Usual Database Settings
Some constraint violations may arise when using database batch with nested create-entities. Switch batch off. If the problem does not occur any more, stick with non-batch generation. Otherwise you need further investigation. When using Oracle, a constraint violation typically looks like this:
java.sql.SQLException: ORA-00001: Unique Constraint (MYSCHEMA.SYS_C0011664) violated
It contains a constraint name you can look up on the database like this:
select * from user_constraints where constraint_name like '%SYS_C0011541%'
The query result will tell you the table name and the constraint type. The constraint types are encoded as follows:
P: Primary key constraint
U: Unique constraint
R: Foreign key constraint
'value too large for column' in Oracle
Depending on the character set, oracle may report a multiple of the real column with, e.g. 80 instead of 20. So, automatic generation of varchar2 columns may fail. This typically results in Exceptions like this:
java.sql.SQLException: ORA-12899: value too large for column "SCHEM"."TBL"."COL" (actual: 40, maximum: 10)
This is Oracle bug #4485954, see http://www.oracle.com/technology/software/tech/java/sqlj_jdbc/htdocs/readme_jdbc_10204.html and
The solution is using the newest JDBC driver, at least 10.2.0.4 or 11.0. BTW: It is backwards compatible with the Oracle 9 databases.

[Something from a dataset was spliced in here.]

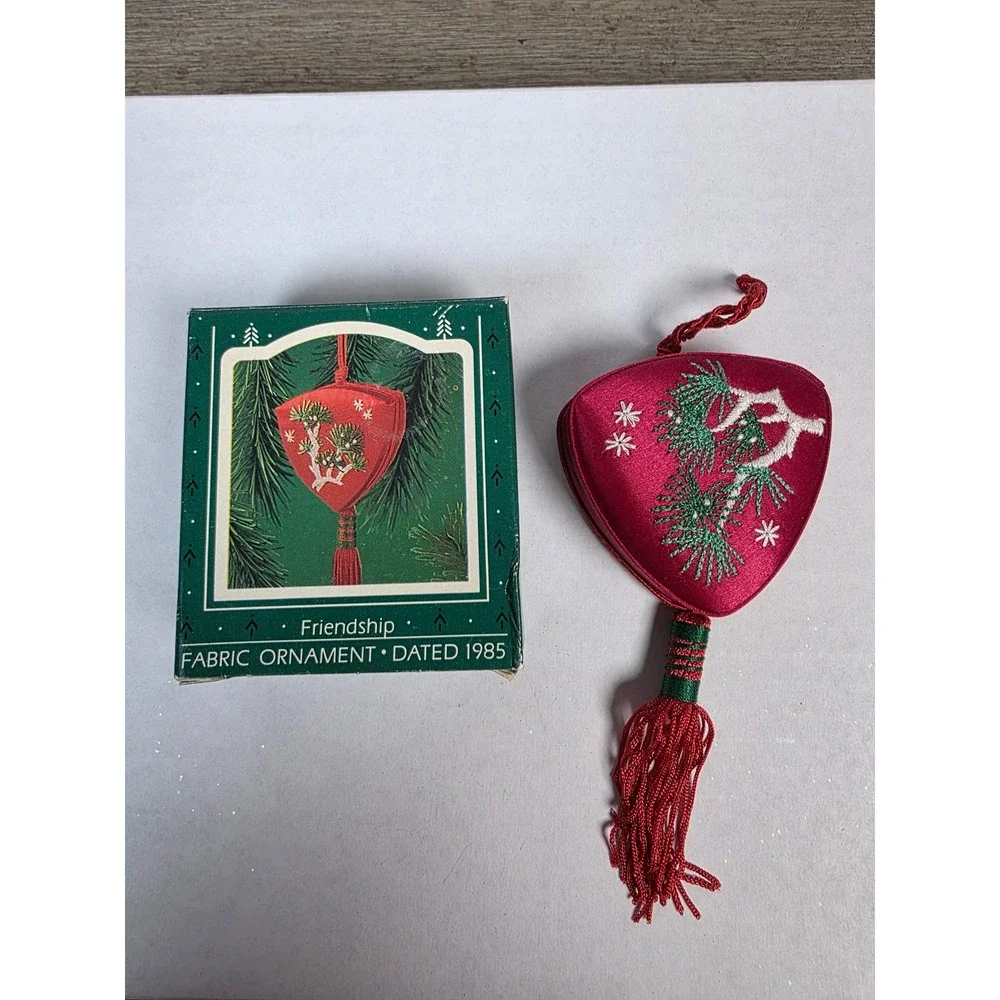Vintage 1985 Hallmark Keepsake Friendship Fabric Ornament Red Satin QX5062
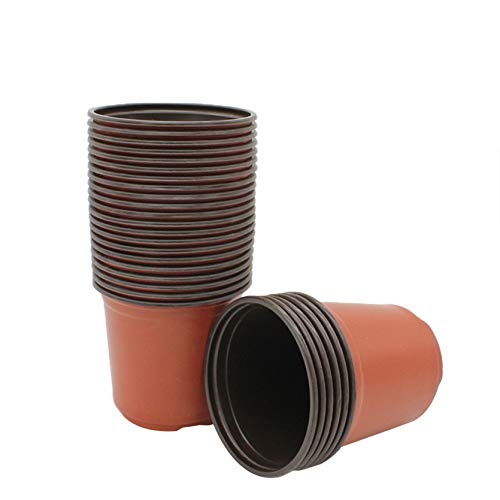 TINVHY 100 Pcs Plastic Plants Nursery Pot/Pots Seedlings Flower Pl...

Time is cut off in Oracle dates
Oracle changed back and forth the mapping of internal types to JDBC times in Oracle 8 and 11, the mapping in Oracle 9 and 10 is wrong, see http://www.oracle.com/technetwork/database/enterprise-edition/jdbc-faq-090281.html#08_00 . In order to fix the behaviour, use the newest available Oracle 11 JDBC driver you can get, it is backwards compatible down to Oracle 9 and provides a proper mapping of the date type for all Oracle database versions.
Benerator expects single-valued ids. It does not automatically support composite keys and composie references
Since composite keys typically have a business meaning, most composite keys cannot be automatically generated. So there is no need to support this.
If you encounter a composite key, manually configure how to create each key component.
Importing Excel Sheets
For a beginner it is sometimes confusing, how Benerator handles imported Excel sheets. For this task it completely relies on the cell type configured in the original sheet. So if you have a Date cell in the Excel sheet and format it as number or text, benerator will interpret it as double or string.
Another popular error comes from columns that contain long code numbers and have the the default format: They are imported as numbers and e.g. leading zeros are lost. In such case explicitly format the column as text in Excel.
Apache POI represents all numbers as variables of type 'double'. So there are numbers which are simple in decimal format but not so in binary: when importing the number 1.95 from an Excel sheet, the user gets a value of 1.95000000002. For now you need to round the values yourself, e.g. by a converter.
Number Generation on Oracle
When generating very large decimal values (> 1.000.000.000) in an Oracle database you may observe that smaller numbers are written to the database, losing some trailing zeros or even cutting the whole number to a decimal with one prefix digit and several fractional digits. This results from a bug in Oracles older JDBC drivers and can be fixed by using the newest driver version (note that you can even use 11.x JDBC drivers for 10.x databases).
Unknown Column Type
If your application makes use of a database's proprietary column types, you may run into an exception when Benerator encounters it. If you know how to create and handle data for this column type, you can do so by configuring the database to accept unknown column types :
<database ... acceptUnknownColumnTypes="true">
Table 'X' not found in the expected catalog 'Y' and schema 'Z'
This message tells you, that you database configuration is wrong. Check and fix the 'schema' and 'catalog' settings in your database configuration, e.g.
<database … catalog="main" schema="Z" />
or your environment configuration, e.g. xyz.env.properties:
Note: On most systems (e.g. Oracle, HSQL) no catalog needs to be specified.